On 08/16/2016 09:18 PM, Stu Midgley wrote:

oh, indeed the top bin Xeon systems are fast and damn expensive. Even when we purchased these AMD systems they were a LOT cheaper than any Intel system that could come close in specfp rate performance - let alone after 4 years of heavy use.

One issue is that the AMD systems are far more numa, thus requiring tighter programming.


I'm going to have to disagree with the above statement. Before the Intel Nehalem, the AMD Opterons were true NUMA processors, but the Intel processors were SMP designs (the *other* SMP - Symmetrical Multiprocessing). Since the Nehalem, Xeons have been NUMA processors, too, and I don't think it's accurate to say one design is any more NUMA than the other.

For symmetric multiprocessing, every read/write to main memory took the same amount of time, but that also meant the memory controller was a bottleneck, as it could only service one processor at a time.

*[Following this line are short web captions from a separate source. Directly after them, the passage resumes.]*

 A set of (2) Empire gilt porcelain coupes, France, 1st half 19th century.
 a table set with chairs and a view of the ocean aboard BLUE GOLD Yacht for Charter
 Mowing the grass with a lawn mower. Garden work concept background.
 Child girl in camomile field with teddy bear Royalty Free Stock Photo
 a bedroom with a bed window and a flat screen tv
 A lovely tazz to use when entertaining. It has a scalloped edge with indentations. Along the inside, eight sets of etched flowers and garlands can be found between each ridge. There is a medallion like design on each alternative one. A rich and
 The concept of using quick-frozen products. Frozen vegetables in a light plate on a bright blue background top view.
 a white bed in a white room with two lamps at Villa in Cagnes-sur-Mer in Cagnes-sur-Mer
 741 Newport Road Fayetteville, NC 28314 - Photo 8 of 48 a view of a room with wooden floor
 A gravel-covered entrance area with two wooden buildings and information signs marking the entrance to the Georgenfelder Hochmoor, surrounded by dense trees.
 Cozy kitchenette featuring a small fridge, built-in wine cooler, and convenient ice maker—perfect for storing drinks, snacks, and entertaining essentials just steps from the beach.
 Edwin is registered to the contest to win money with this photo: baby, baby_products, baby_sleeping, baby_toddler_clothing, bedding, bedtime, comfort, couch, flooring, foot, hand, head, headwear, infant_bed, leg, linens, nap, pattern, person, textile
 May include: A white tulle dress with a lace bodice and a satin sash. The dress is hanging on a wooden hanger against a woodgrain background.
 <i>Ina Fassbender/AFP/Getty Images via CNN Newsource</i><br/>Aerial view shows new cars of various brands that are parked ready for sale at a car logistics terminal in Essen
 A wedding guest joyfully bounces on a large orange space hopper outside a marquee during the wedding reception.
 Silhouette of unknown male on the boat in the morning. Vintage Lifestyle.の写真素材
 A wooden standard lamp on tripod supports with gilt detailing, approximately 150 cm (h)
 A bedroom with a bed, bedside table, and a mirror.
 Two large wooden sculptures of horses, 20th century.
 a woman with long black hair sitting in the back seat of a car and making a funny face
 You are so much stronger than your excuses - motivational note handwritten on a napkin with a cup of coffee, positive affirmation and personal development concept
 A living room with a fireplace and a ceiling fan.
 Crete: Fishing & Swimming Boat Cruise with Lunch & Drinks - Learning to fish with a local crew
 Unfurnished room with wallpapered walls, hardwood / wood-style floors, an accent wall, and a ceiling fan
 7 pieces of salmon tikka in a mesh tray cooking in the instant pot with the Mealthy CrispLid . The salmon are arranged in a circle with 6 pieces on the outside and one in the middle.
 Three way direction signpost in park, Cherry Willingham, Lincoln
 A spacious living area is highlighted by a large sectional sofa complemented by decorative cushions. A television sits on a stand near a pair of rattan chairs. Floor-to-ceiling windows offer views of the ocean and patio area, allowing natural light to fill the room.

It's a resource contention issue. To improve performance, you'd have to do whatever you could to organize your code so that the various cores weren't all trying to access memory at the same time.

With NUMA, on the other hand, each processor has its own memory controller and can access it's own portion of memory very quickly. If if needs to access memory elsewhere, it takes longer because it has to ask another processor, or that other processors memory controller to perform the memory operation (I forget the exact low-level implementation details). Accessing a remote processor's memory takes longer than accessing your own memory, hence the name Non-uniform Memory Access. The advantage of this is that most of the time a processor is accessing it's local memory, so it can use it's own memory controller without resource contention most of the time. Sure, still want to organize your program to keep as many memory accesses local as you can, but I don't think that's much different than trying to keep as much data in the local caches as possible to prevent reads of main memory, which you should be doing regardless of whether your system is SMP or NUMA.

I would think SMP needs tighter programming, since you want to reduce contention for the memory controller as much as possible.

Prentice

PS - Yes, I know today's systems are actually a mixture of SMP and NUMA, depending on what level your looking at the architecture, so put the torches and pitchforks away!